The two newspapers do correctly report that Trump experienced a loss of more than $900 million in 1995. That is a tremendous loss for anyone to bear. In this case, that number is a result of some businesses in which Trump took a risk. The businesses proved unsuccessful, so he lost money. The actual amount of the loss, however, depends upon the tax rules that the federal government has imposed at a given time.
In each tax year, losses up to a given limit in the tax year in which they occurred can legally be used to offset gains. Losses exceeding that limit can be carried over to successive tax years, and can be legally deducted, thus helping offset potential future gains.

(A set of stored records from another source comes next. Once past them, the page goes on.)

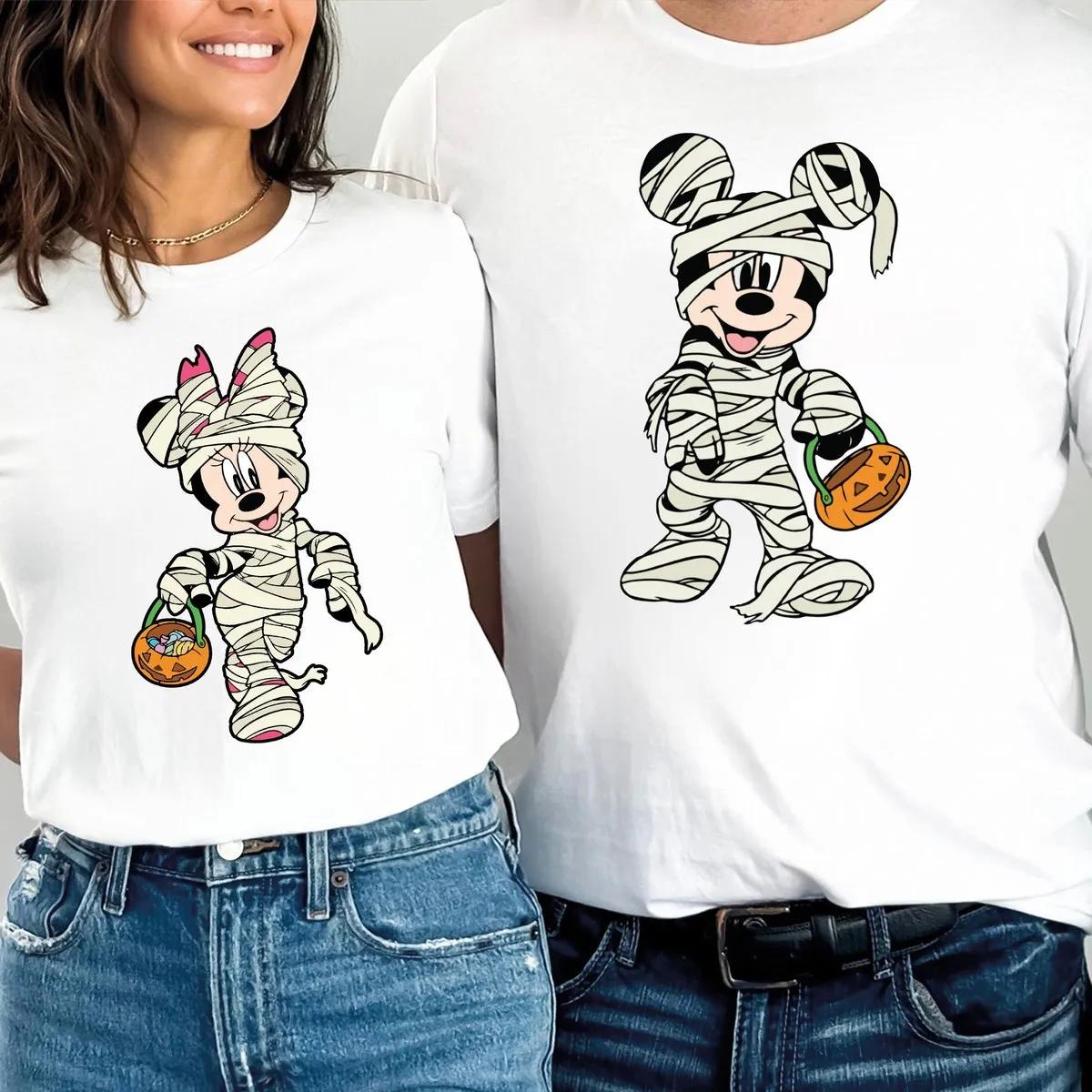 Disney Mickey Minnie Mummy Halloween Shirt 2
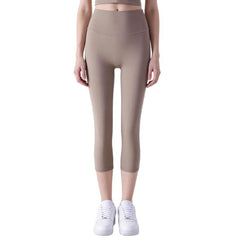 Lycra high-waisted hip-lifting yoga cropped pants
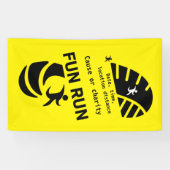 Fun Run Event Want Charity Promotion T-Shirt dan Spandoek (Horizontaal)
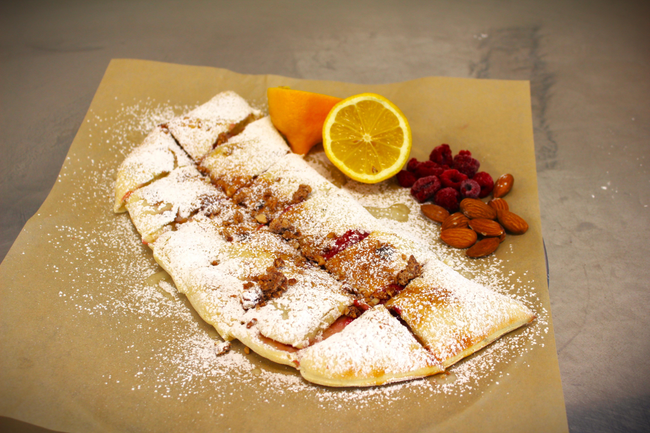 Raspberry Cream Breadsticks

In the case reported by the Times and the Post, there is no way to determine how many years Trump’s loss would be used to offset other income. If Trump does have $10 billion in assets and he earns a 10 percent annual return on his assets, it is possible that the loss will offset only one year of tax liability.

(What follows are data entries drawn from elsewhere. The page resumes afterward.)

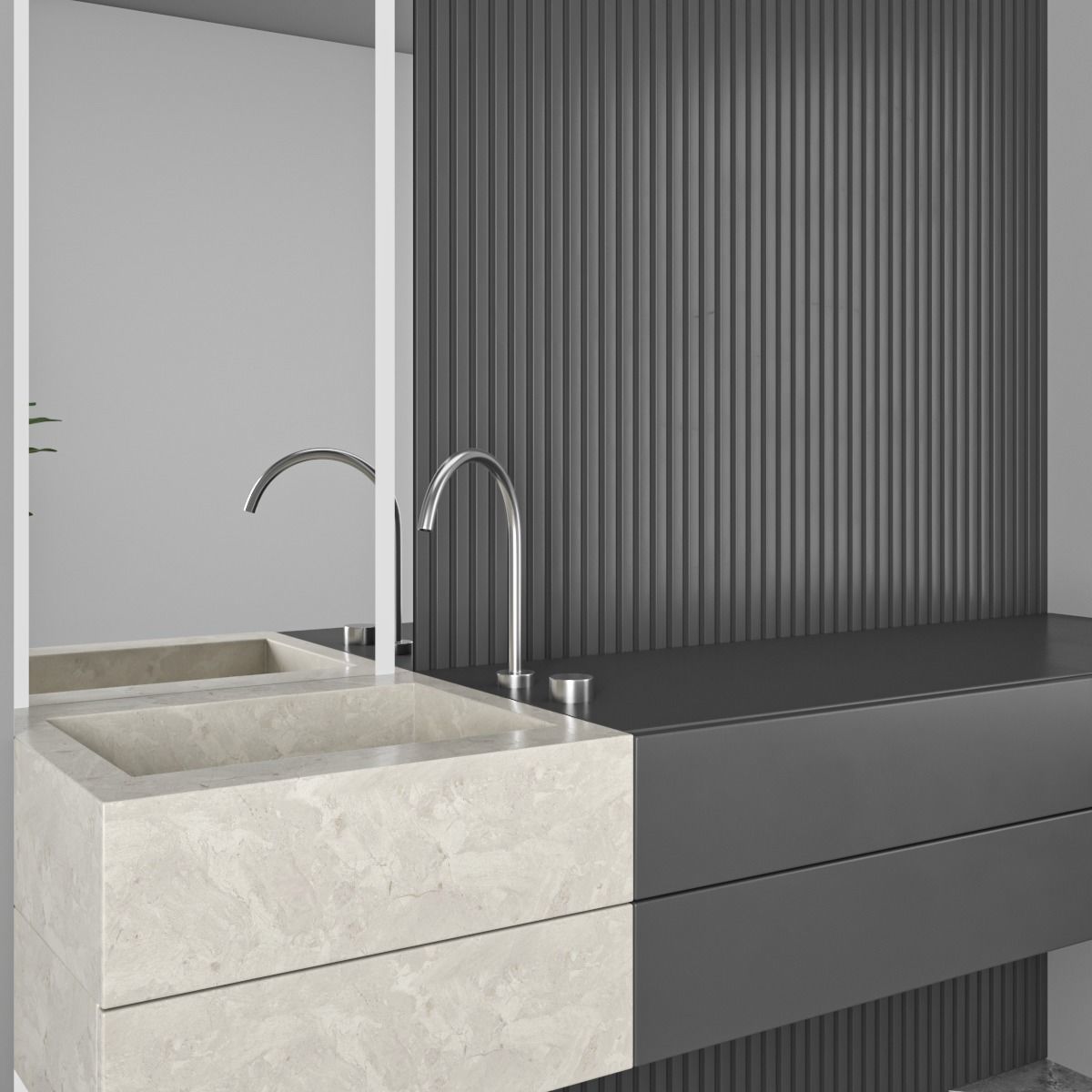 bathroom furniture set 53 3D model_3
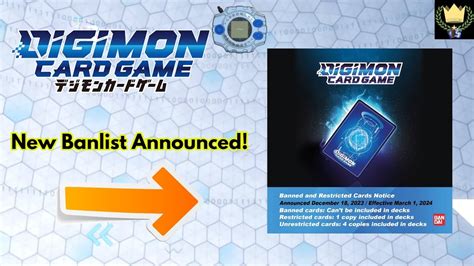 digimon tcg banlist 2023|digimon across time card list.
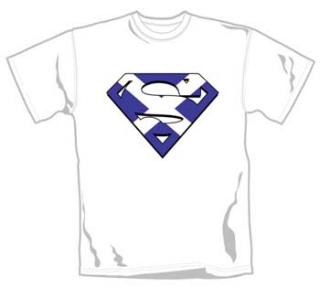 SUPERMAN - Scottish Flag - biele pánske tričko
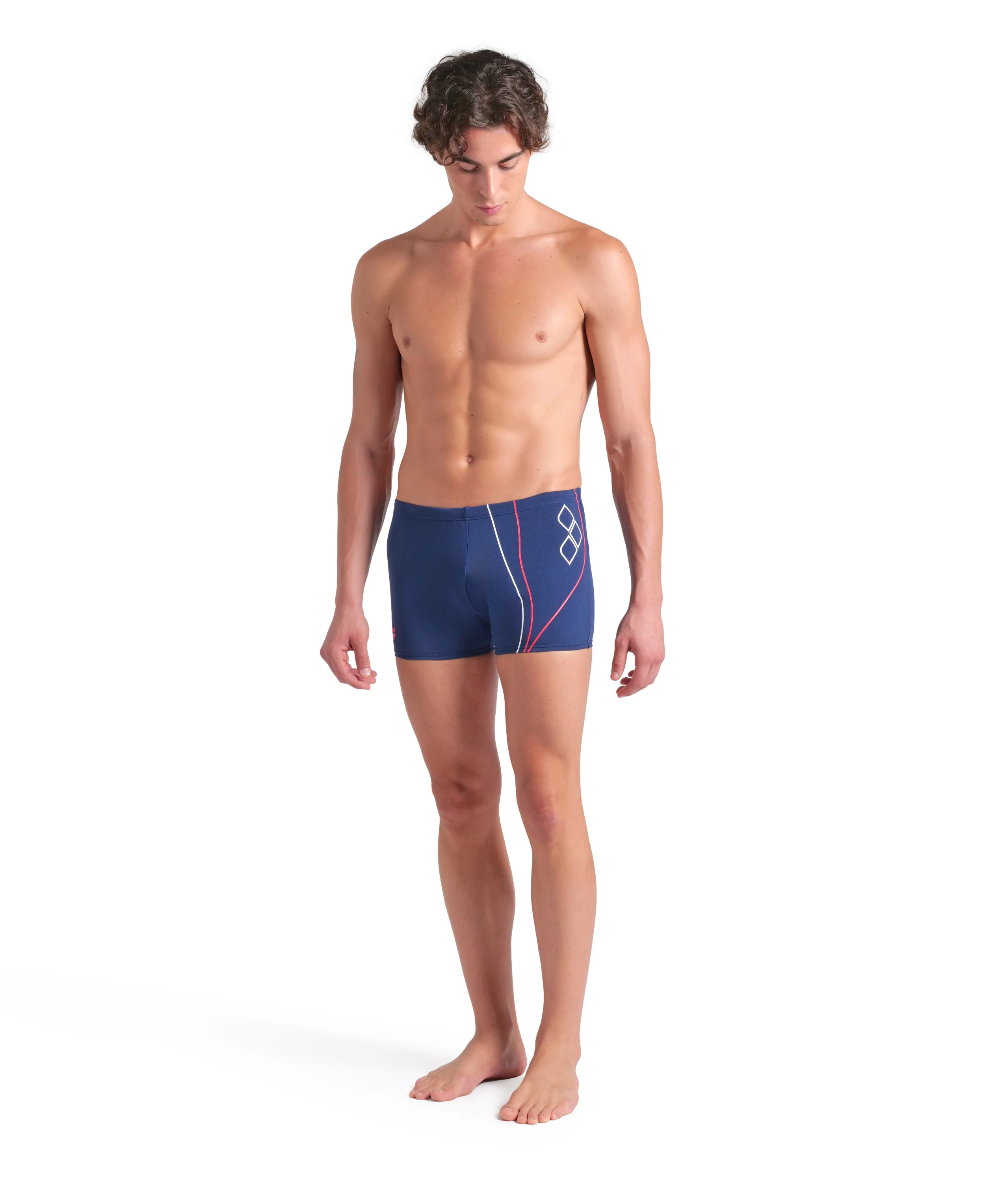 Bañador short arena Performance para hombre Trail Azul Marino - Image 3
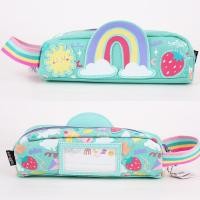 ราคา กระเป๋าดินสอ smiggle ออสเตรเลียกระเป๋าดินสอใส่บัตรตัวอักษรแบบพกพามีซิปแบบถือความจุขนาดใหญ่สำหรับนักเรียนประถม (21162335157)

Our federal income tax system is set up so that business entities pay taxes on income earned. There are strict definitions for income and expenses in the tax code. However, if an individual earns $100,000 from his successful ventures but loses $100,000 on the ventures that were not successful, then the entity has no taxable income. That not a tax shelter or a loophole, it is simply sound, objective logic. The loss offsets the gain.

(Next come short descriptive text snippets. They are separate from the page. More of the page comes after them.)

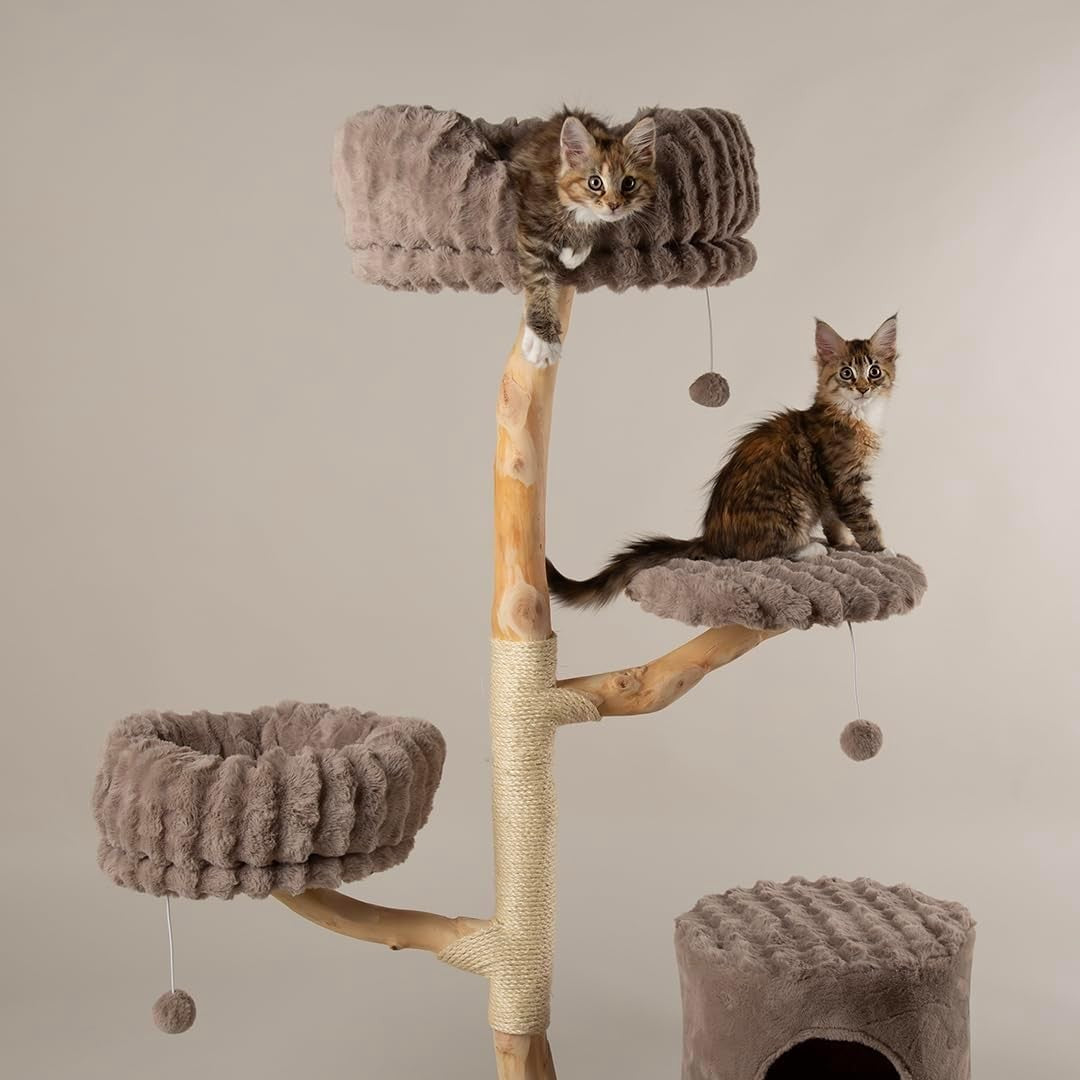 Luxury Large Cat Tree Scratching Tower Plush Beds Sisal Post Condo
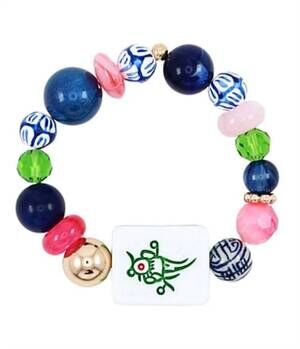 NEW GOLDEN LILY women's mahjong bead bracelet in multicolor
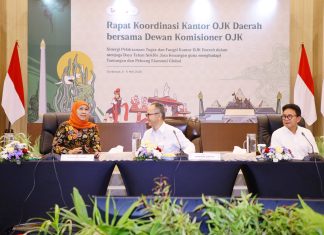 Gubernur Khofifah Komitmen Bersama OJK Sukseskan Program Pemerintah Pusat, Kolaborasi dan Sinergi Jadi Kunci Kemajuan Ekonomi Jatim Gubernur Khofifah Komitmen Bersama OJK Sukseskan Program Pemerintah Pusat, Kolaborasi dan Sinergi Jadi Kunci Kemajuan Ekonomi Jatim (foto : ist)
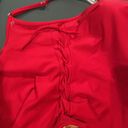 Newport News  Red 1 Piece Swim Bathing Suit 14 Photo 2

The media continually slams Trump for his Atlantic City investments, noting that he “stiffed” bondholders and many small contractors. Hillary Clinton says people like her father were small businessmen and she wouldn’t want to see her father stiffed by greedy people like Trump.
Trump’s Taj Mahal Casino Hotel cost roughly $1 billion to build. Trump put up about $100 million of his own money and financed the other $900 million, some through banks and some through bonds. This is the same way each of us typically purchases a house. We pay a 10 percent cash deposit (downpayment) and get a mortgage loan for the balance.
Trump brought in big name entertainment and attractions to his casino to draw crowds and build a thriving business. While Trump’s casino was successful in the beginning, however, its debt burden eventually proved too large. With costs continuing to exceed revenue, he had to place the casino in bankruptcy. Again this is exactly what any business person does in a similar situation.
The roughly $700 million in bonds went into default, since the Taj was unable make the interest payments. The media emphasized that Trump stiffed the investors. The reality was that Trump lost all of his investment, while the bondholders who demanded 14 percent interest on the bonds, eventually got all of the equity in the property. Trump lost all of his investment and lost ownership of the casino’s investors.
Many contractors were not paid the amount that they billed to Trump’s casino. This, of course, is a risk that any contractor takes when providing services, and a loss that was avoided by some of the businesses that understand the billing process in the construction industry. Additionally, according to Trump’s organization, many of the unpaid bills were for extras which Trump was not obligated to pay, while some were simply over-charges for work completed.
Given the general lack of public understanding with regard to the both conduct of real world business and the complexities of the federal income tax code as applied to businesses and entities, Trump has not released his tax returns, knowing full well how the media will slant its coverage. Sunday’s example of biased, one-sided reporting provides ample proof for why he hasn’t. In some years, real-world businesses have losses that are used to offset future income. Without that logical procedure in place, business investment—always risky no matter how well planned—would decline significantly. In such a scenario, our already stagnant economy would soon grind to a halt.
Confusing the matter further, some wealthy individuals have been claiming to offer policy suggestions that are actually contrary to their own business practices. Warren Buffett, for example, says that all wealthy individuals should pay a minimum of 30 percent of their income in federal income tax. Today, Buffet pays about a 14 percent tax rate. The reason is that he employs a team of tax lawyers and tax accountants whose sole job is to figure out how to minimize Buffet’s tax liability. It’s the same thing each of us does when we hire a tax professional to figure out–and minimize–our own personal taxes on our annual tax return filing.
If Buffet really wanted to pay 30 percent, all he has to do is stop shifting his earnings from ordinary income to capital gains and stop taking all of the deductions he’s allowed by the current tax code. Since he does not and will not, it would seem that Buffet’s sincerity in this matter is questionable.
The Washington Post and The New York Times should immediately cease their shameful, biased reporting tactics and return to the days when they once published all the actual news fit to print. And report it in an objective manner.